The decreased calcineurin levels produced by antisense ODNs was also observed using immunocytochemistry. Figure4 shows a series of micrographs of calcineurin A1 (Aα) and A2 (Aβ) immunoreactivity in neocortex from vehicle-, sense ODN-, and antisense ODN-treated rats. There was a general decline in neuronal immunoreactivity of calcineurin after antisense ODN treatment rather than a loss of protein from selected neuronal populations. This suggested that antisense ODNs produced uniform effects throughout neurons of the neocortex.
Effects of Antisense Calcineurin ODN Infusion on Calcineurin Activity.
The phosphatase activity of calcineurin was examined in all animals to see whether comparable changes occurred among the different treatment groups. Infusion of antisense ODNs against calcineurin caused a significant decrease in calmodulin-dependent phosphatase activity in all brain regions tested (Fig.5). The loss of activity was in excellent agreement with the estimated reduction of immunoreactivity. Interestingly, some regions (e.g., hippocampus, neocortex) appeared to be slightly more sensitive to the antisense ODN infusion than other regions (e.g., midbrain). This may reflect differential bioavailability of the ODNs after intraventricular infusion.
Effects of Antisense Calcineurin ODN Infusion on τ Phosphorylation in Rat Temporal Neocortex Slices.
The consequences of reduced calcineurin activity on τ dephosphorylation in temporal neocortex slices were investigated using shifts in τ mobility; previous experiments showed that inhibition of both PP2A and calcineurin leads to slowed electrophoretic mobility (Garver et al., 1994; Matsuo et al., 1994).
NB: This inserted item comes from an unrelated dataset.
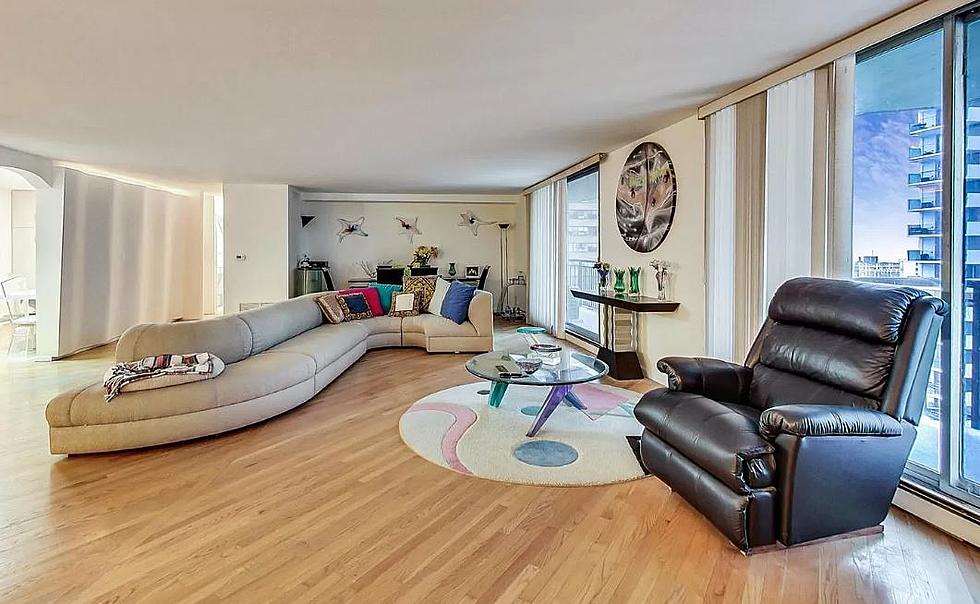Chicago Condo For Sale is, Like, Straight Out of Miami Vice, 1985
Figure 6A shows a τ immunoblot pattern from the neocortex of a vehicle-treated rat after inhibition of phosphatases in brain slices. As previously reported (Harris et al., 1993; Garver et al., 1994, 1995), upward shifts in τ mobility and the appearance of a 68-kDa immunoreactive peptide were elicited only when both PP2A and PP2B were simultaneously inhibited during the slice experiment, using either 10 μM okadaic acid (lane 2) or a combination of 100 nM okadaic acid and 5 μM FK-520 (lane 5).
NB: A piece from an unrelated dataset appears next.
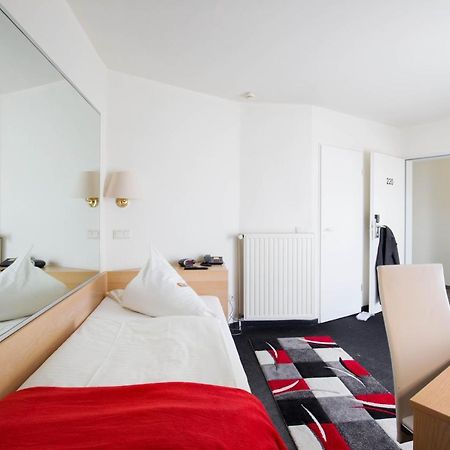 Hotel Moerser Hof ภายนอก รูปภาพ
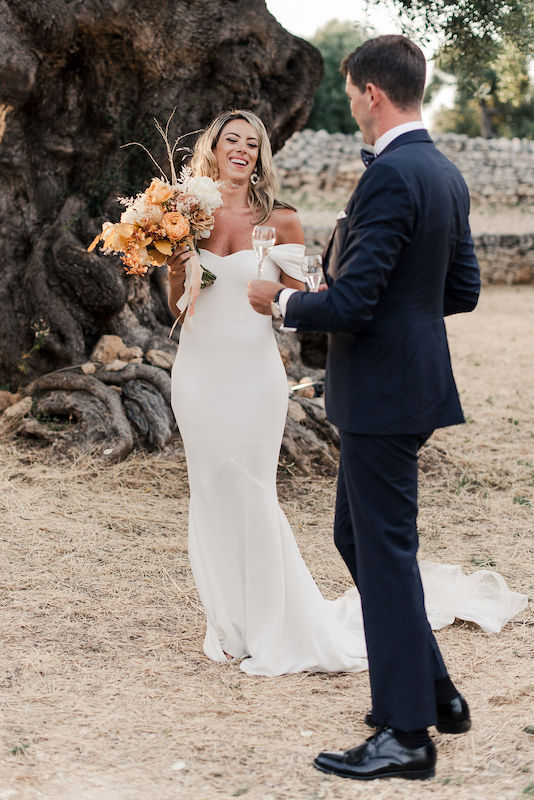 Bride and groom in the Apulian countryside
However, in animals infused with calcineurin antisense ODNs, an upward shift in τ mobility plus the appearance of the 68-kDa peptide were seen in slices treated with 100 nM okadaic acid (e.g., PP2A inhibition) alone (Fig. 6, C and D). This effect was seen after antisense ODN infusions of either 5 or 10 nmol/day (Fig. 6A and data not shown). Both OK-1 and OK-2 anntisera detected similar shifts in τ mobility (Fig.6, C and D). Infusion of sense calcineurin ODNs did not alter calcineurin levels or activity, and consequently, τ mobility shifts were seen only when both PP2A and calcineurin were simultaneously inhibited (Fig. 6B). These results suggest that calcineurin was sufficiently inhibited by antisense ODN treatment to cause mobility shifts in τ after the treatment of slices with 100 nM okadaic acid alone.
Effects of Antisense Calcineurin ODN Infusion on Specific τ Phosphorylation Sites.
Most of the known sites of τ phosphorylation, including Thr231 and Thr181 (recognized by monoclonal antibodies AT-180 and AT-270, respectively), are variably phosphorylated in rapid biopsies from normal-appearing human, primate, and rodent brain (Matsuo et al., 1994). In non-Alzheimer brain, these sites of phosphorylation are rapidly (60–90 min) dephosphorylated by phosphatases in metabolically active brain slices and postmortem samples. Hence, an experiment was designed to determine whether inhibition of calcineurin in vivo altered the ex vivo persistence of phosphorylated τ. Site-specific dephosphorylation of τ was investigated in temporal neocortical slices from ODN- and vehicle-treated rats using AT-180 and AT-270 phosphorylation-sensitive monoclonal antibodies. Figure7 shows replica τ immunoblots (top, AT-270; bottom, AT-180) from temporal neocortex after a 105-min postmortem incubation period. In animals (control) infused only with aCSF, immunoreactivity to AT-270 (Thr181) was very weak and that toward AT-180 (Thr231) was virtually absent. However, in all six calcineurin antisense ODN-treated rats, immunoreactivity to both AT-270 and AT-180 was clearly maintained after 105 min, presumably due to reduced calcineurin activity in the slice preparations. Thus, we suggest that calcineurin controls dephosphorylation of Thr181 and Thr231.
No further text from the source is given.